Baltimore City Council President Brandon Scott on Friday said that a disproportionate number of Baltimore City voters, compared to other jurisdictions, have not received their ballots for the June 2 primary election, which is less than three weeks away.

“Voters across the state of Maryland, in Baltimore County and other [jurisdictions], have received their ballots, but not here in Baltimore City,” he said. “Every day we are now hearing from people who are concerned about their ballots.”

Scott, who is running for mayor of Baltimore, said the Maryland State Board of Elections and the Baltimore City Board of Elections have told him that the ballots are in the mail.

But Scott said that isn’t good enough and he called on the state and city election boards to tell him and Baltimore City residents exactly where their ballots are “without excuses.”
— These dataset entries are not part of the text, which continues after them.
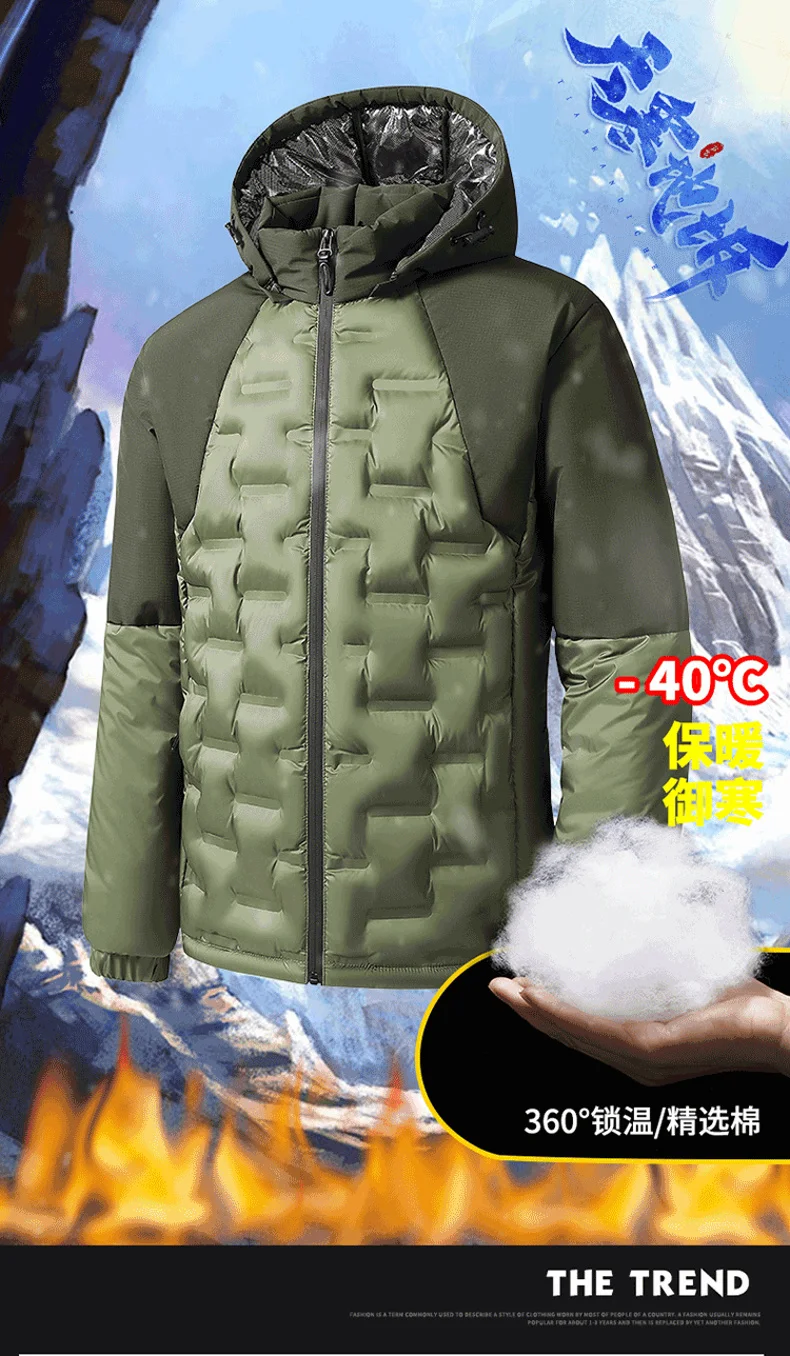 Winter Men Thicken Warm Parkas Fashion Casual Hooded Cotton Jackets Solid Color Comfortable Male Clothes Outdoor Sports Style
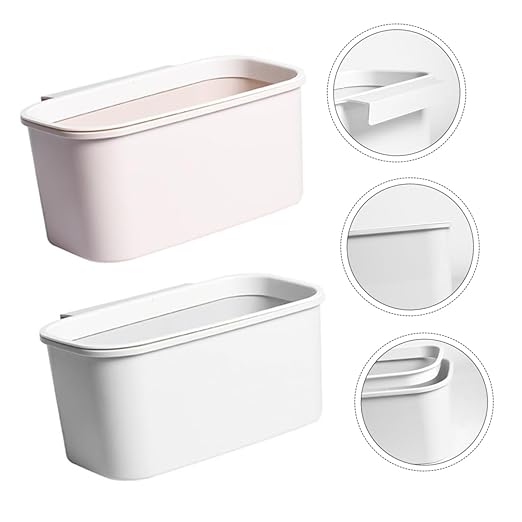 Ciieeo 2pcs Desktop Hanging Trash Cans Cute Slim Rubbish Containers for Bedroom Recycling Waste Bin Organizers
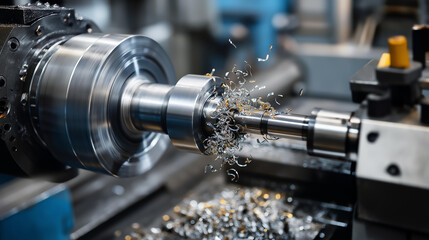 Fototapeta premium Precision metal turning on lathe creating metal shavings in factory, manufacturing process, metalworking detail, industrial production, with copy space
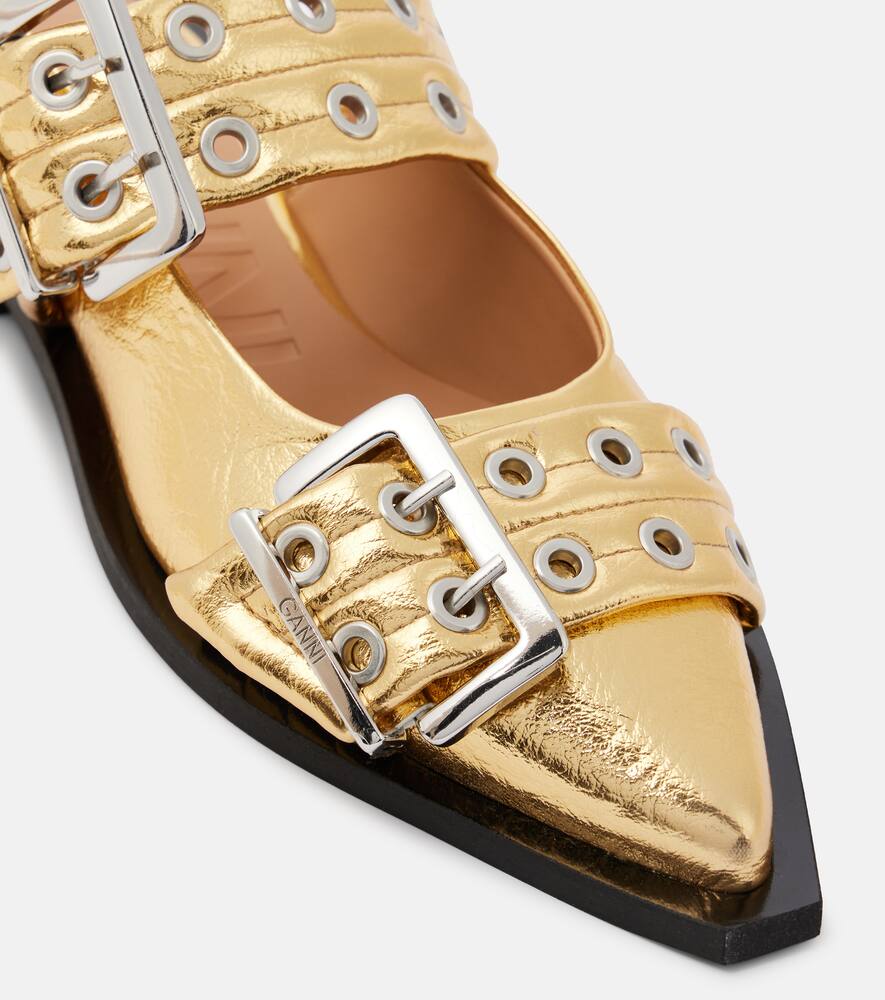 Ganni Buckle Faux Leather Ballet Flats In Gold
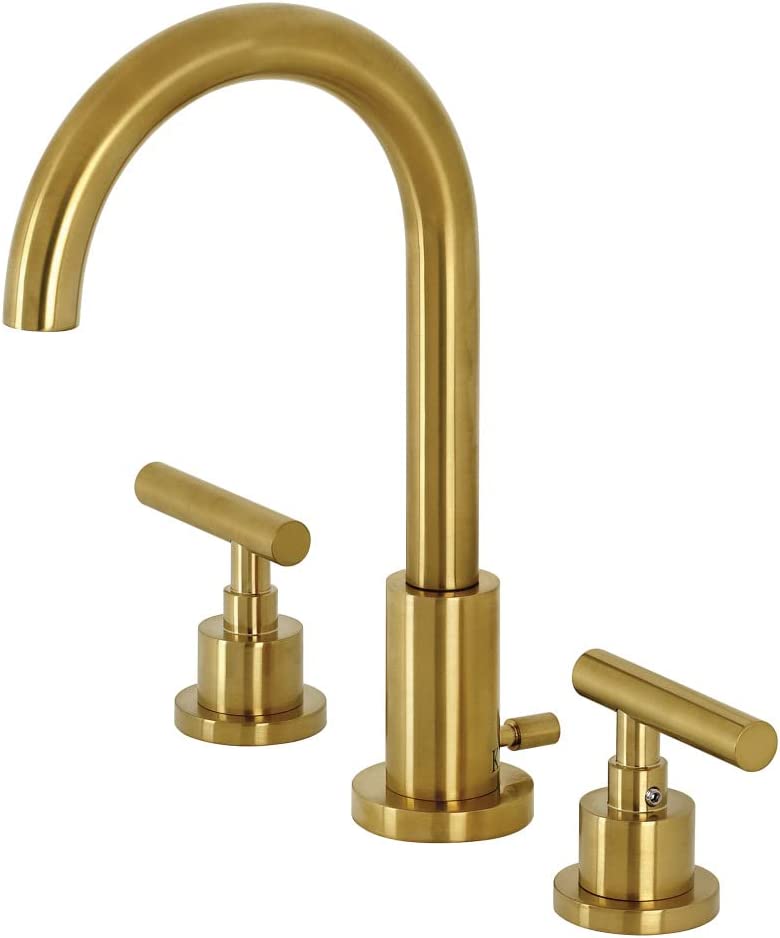 Kingston Brass FSC8923CML Manhattan Widespread Bathroom Faucet, Brushed Brass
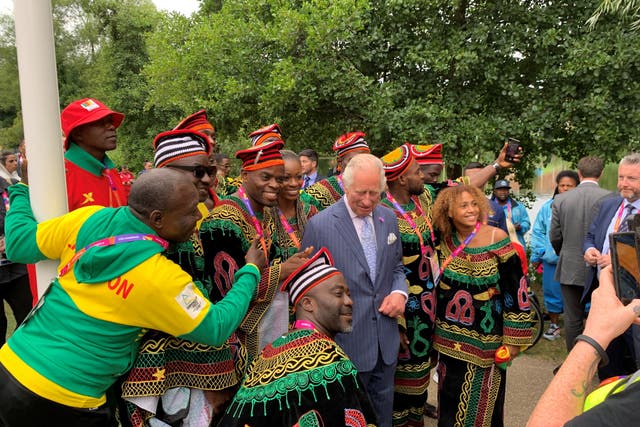 Prince Charles poses for a group photo with athletes from Cameroon (Richard Vernalls/PA)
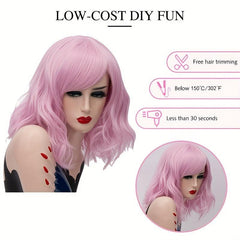 Short Grey Wavy Cosplay Red Wig Women 8 Colors Synthetic Hair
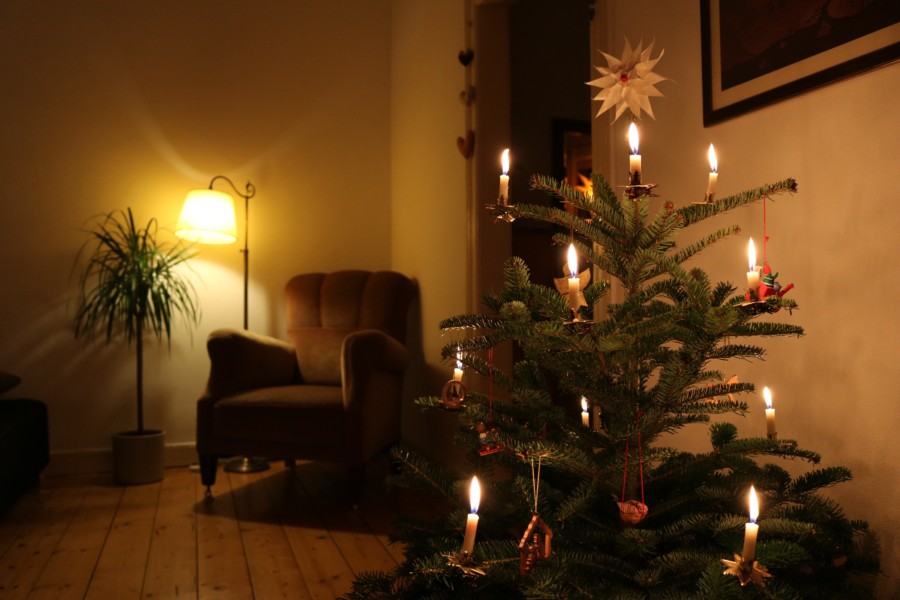 A cosy living room scene with a small decorated christmas pine tree with electric candle lights in the right-hand foreground, with an old vintage armchair in the background next to a warm yellow standing lamp and house plant.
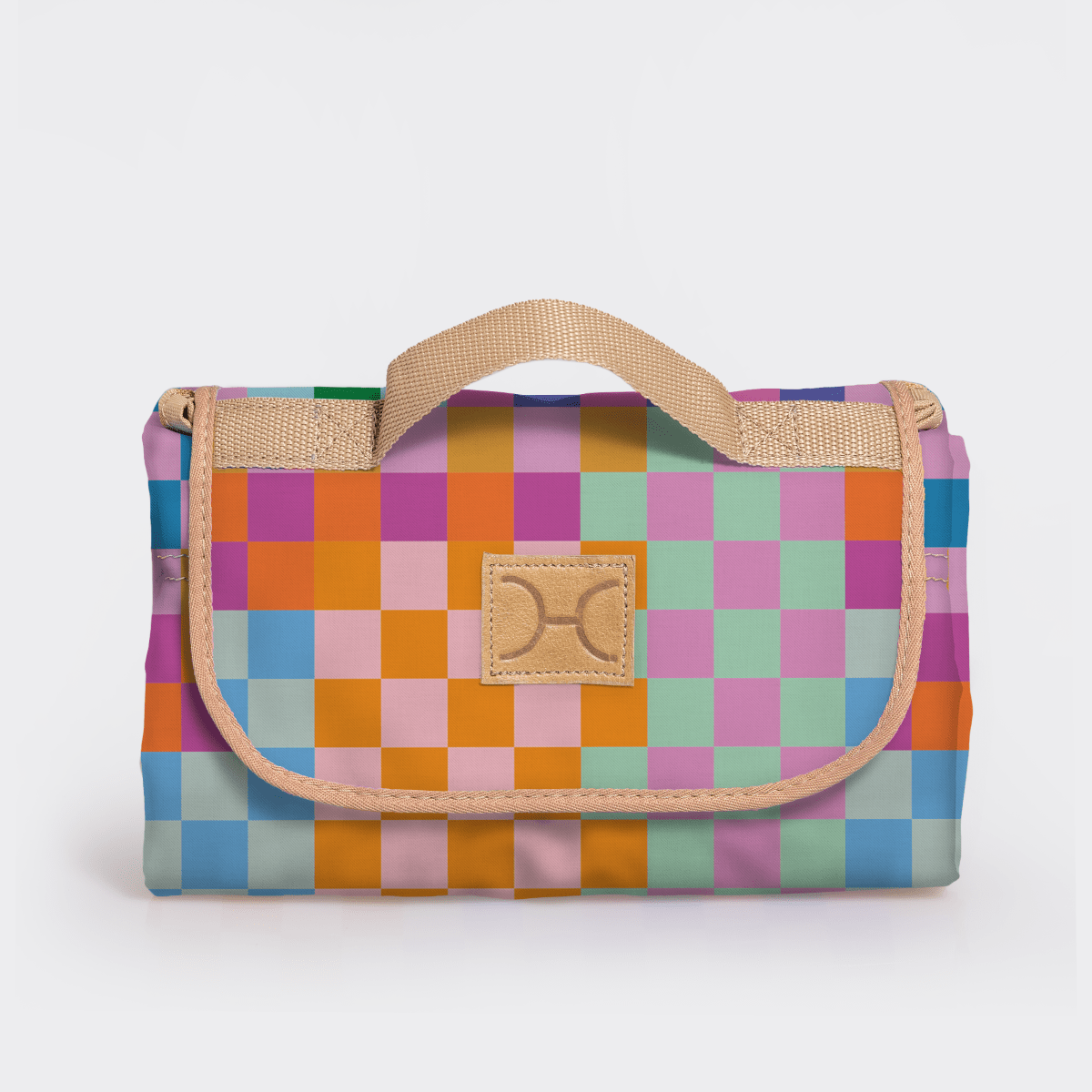 Picnic Blanket | Compact Carry 1.5m x 1.5m Checker - Preppy Picnic Blanket by Thandana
“Some things are more important than who wins the election. The right to vote is more important than that,” he said. “We cannot disenfranchise people, especially when they are living through one of the most trying times in over a generation.”

The Maryland Board of Elections today tweeted out advisories for Baltimore City, Montgomery County and Prince George’s County to let residents know their “ballots are being processed by the USPS.”

Baltimoreans should star receiving them tomorrow and “and into next week,” the board said.

Scott said that 20,000 residents of Maryland’s 7th Congressional District did not receive their ballots for that district’s special election on April 28.

He added that some people received their ballots on the day of the election and were not able to postmark them in time, while some people received their ballots days after the election had concluded.

Scott said the issues need to be fixed in time for voters to participate in the primary election on June 2.

“This is something that we have to do because we know Baltimore is eager to participate in this upcoming election,” he said.